Marcus Malte nous livre un roman ambitieux sans afféterie ni lourdeur, le roman d’une vie qui entre incognito dans le 20e siècle, fait l’apprentissage de son humanité avec ce qu’elle a de meilleur et de pire, en s’inscrivant dans l’Histoire et dans une traversée des espaces.
Le garçon n’a pas de nom, il est muet et vit avec sa mère au fin fond d’une forêt dans le sud de la France. C’est presque un enfant sauvage, ignorant du monde et de ses semblables, n’ayant eu de contact qu’avec sa mère qui meurt dès les premières pages. A 14 ans, le garçon se met en marche et ne s’arrêtera plus. Il atterrit d’abord dans un hameau, où on l’exploite avant de le chasser, puis il rencontre Brabek, un lutteur au grand cœur qui trimballe sa roulotte de village en village pour des démonstrations de force. Ensemble, ils feront un bout de chemin, le temps que le garçon retienne les leçons d’humanité du saltimbanque magnifique. Par hasard toujours, il entre dans la vie des Van Ecke père et fille ; chez eux il devient Félix, comme le Mendelssohn des « Romances sans paroles », et c’est avec Emma, son étoile, d’abord sœur puis amante, qu’il vivra ses plus belles années, découvrant la vie parisienne de la Belle époque, avant d’être confronté à la boucherie de la Grande Guerre.

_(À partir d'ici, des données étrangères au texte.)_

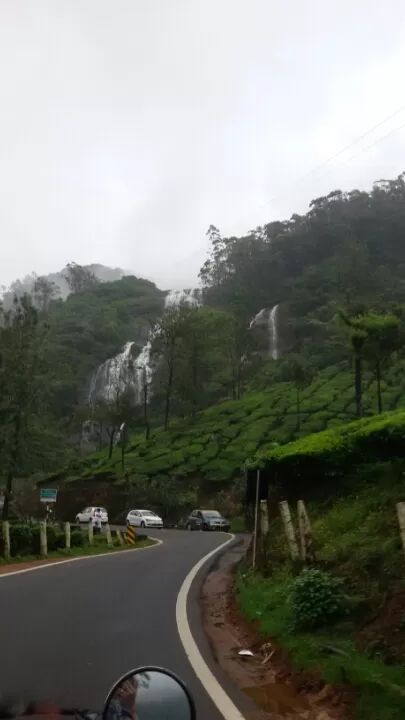 Photo of Munnar, Kerala, India by Yougal
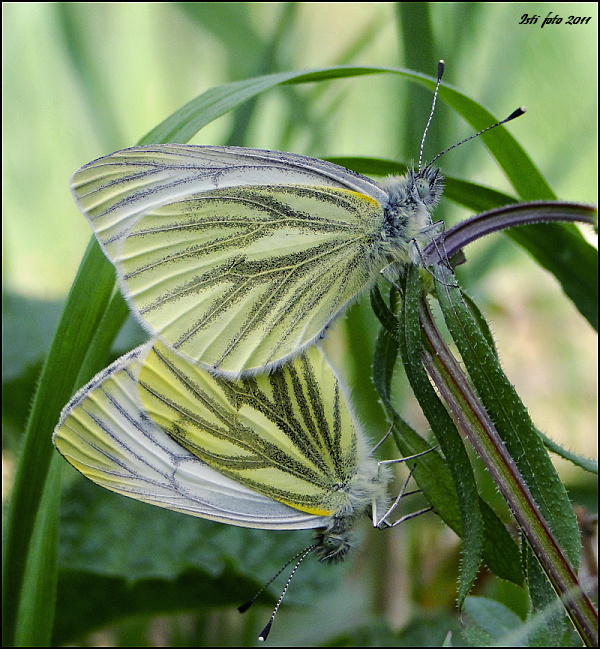 mlynárik repkový Pieris napi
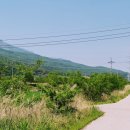 한성아파트 옆 버스정류장 이미지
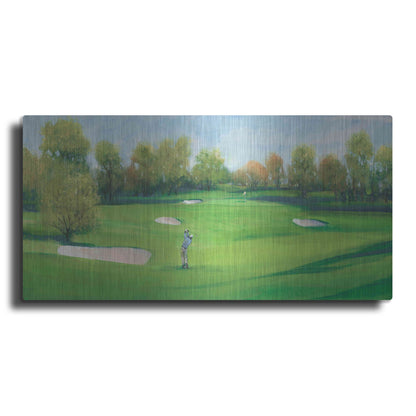 Luxe Metal Art 'Fairway Shot II' by Tim O'Toole, Metal Wall Art,24x12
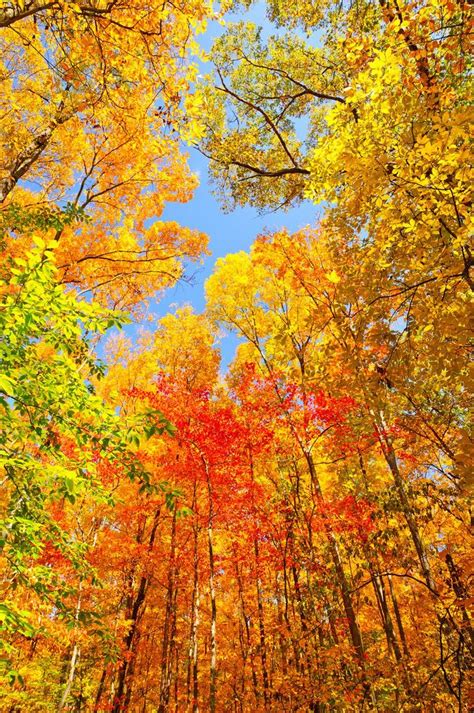 7 Perfect Fall Foliage Drives For Taking In The Scenery In 2020 Fall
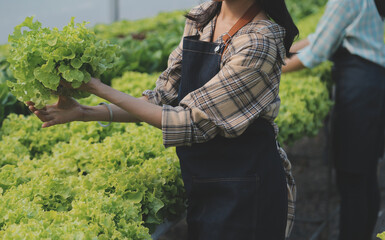 Woman gardener inspects quality of green oak lettuce in greenhouse gardening. Female Asian...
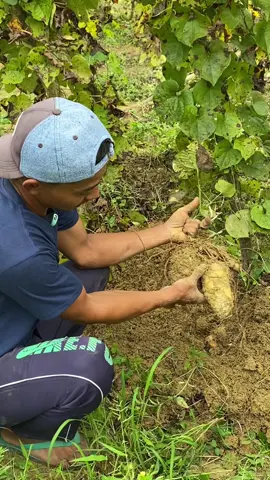 Makanan khas orang jaman dahulu, siapa nih yg suka ? Komen komen ya.#fyp #gembili #umbi #foryou #foryoupage 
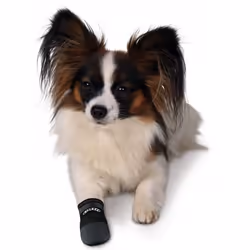 TRIXIE Walker Care Protective Boots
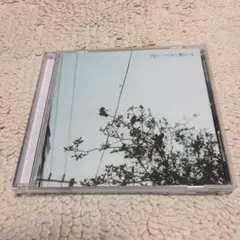 クリープハイプ 待ちくたびれて朝がくる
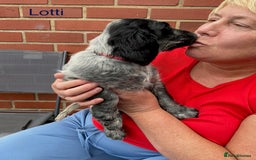 Sprocker dogs for sale: Sprockers 3/4 Cocker spaniel puppies for sale - Image 26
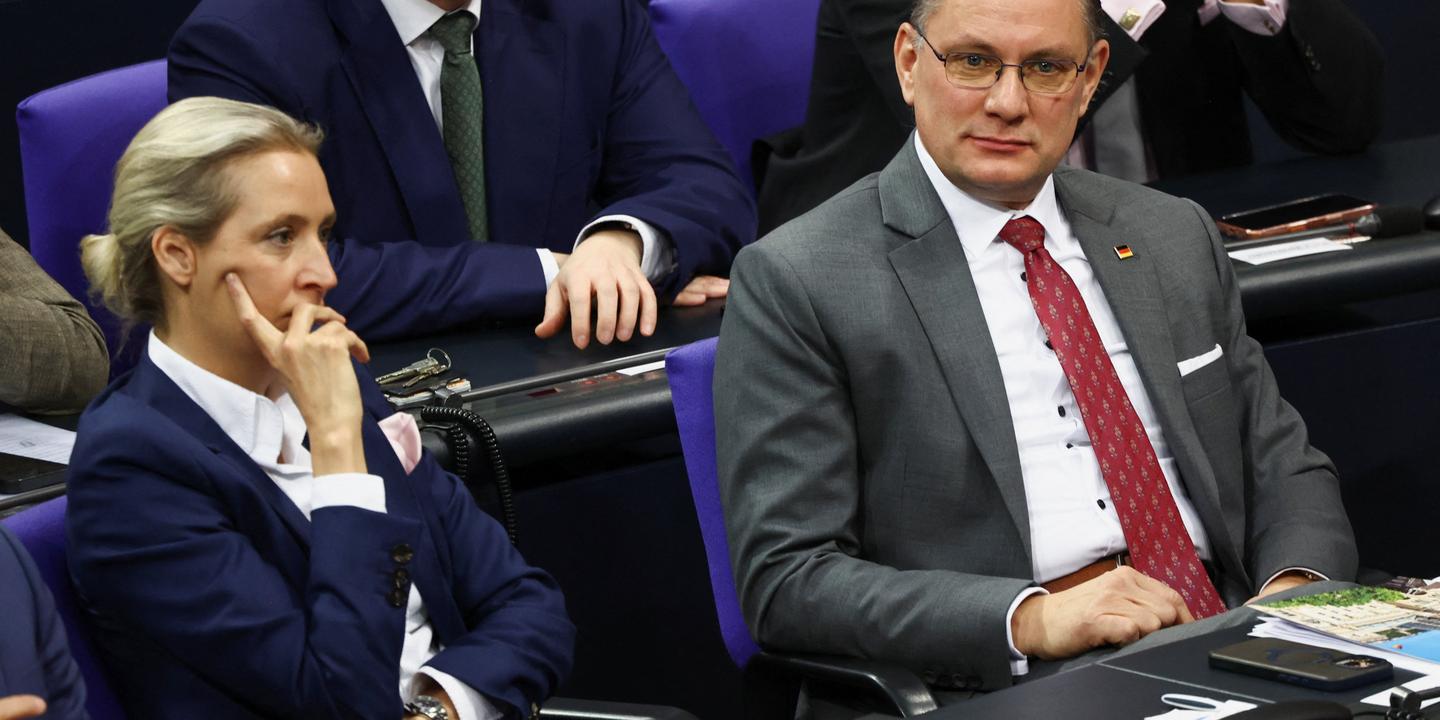 Les propositions radicales du parti d’extrême droite allemand AfD en Saxe-Anhalt, où il est aux portes du pouvoir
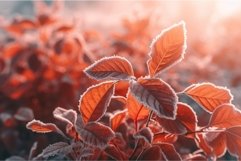 Colorful frozen nature leaves. Generate ai Product Image 1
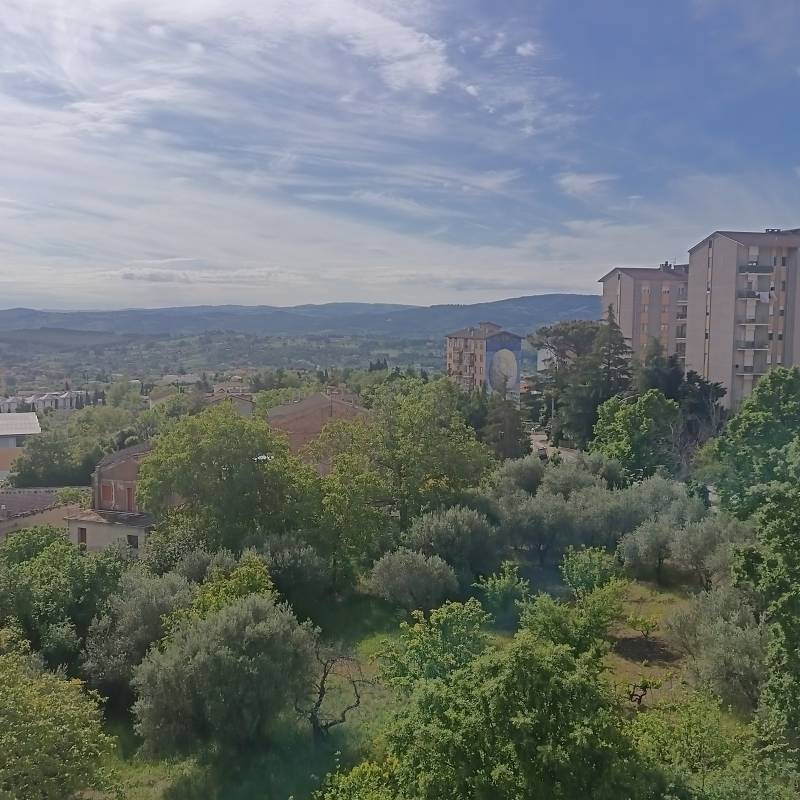 Fotosegnalazione di Campobasso est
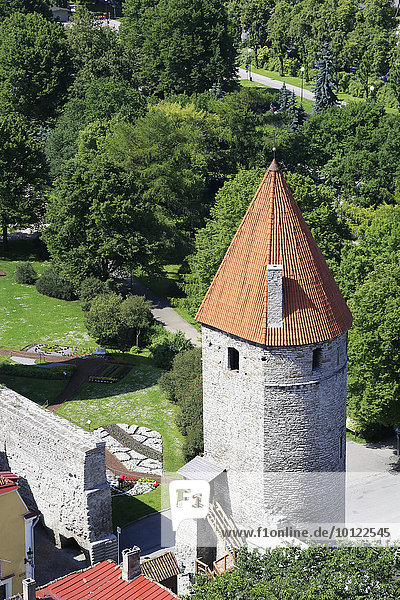 Turm der Stadtmauer Linnamüür im Westen der Unterstadt  vom Turm der Olaikirche  Oleviste Kirik  Tallinn  Estland  Europa
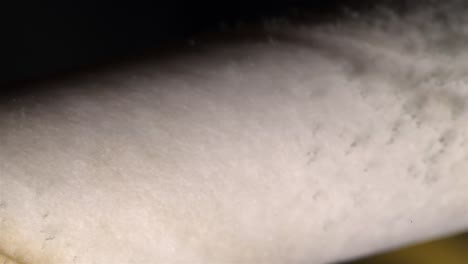 a detailed macro shot of mold growing along a paper straw, revealing the fungal spread in micro.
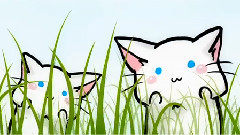 Nico - すーぱーぬこわーるど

Ce que l’on aime particulièrement dans ce beau roman, ce sont les histoires intimes racontées et transmises au garçon, dépositaire idéal des secrets et fidèle gardien des sentiments. Notre héros observateur est accompagné par des personnages inoubliables et un narrateur omniscient qui se place à hauteur d’homme et pose régulièrement les jalons historiques. Tour à tour conte, roman initiatique, roman d’amour et roman de guerre engagé, d’une lecture très fluide et envoûtante, « Le Garçon » nous fait voyager, rire, pleurer et réfléchir à la définition d’une civilisation capable de progrès et de barbarie, de cruauté et de beauté. Un roman humaniste justement couronné par le prix Femina 2016.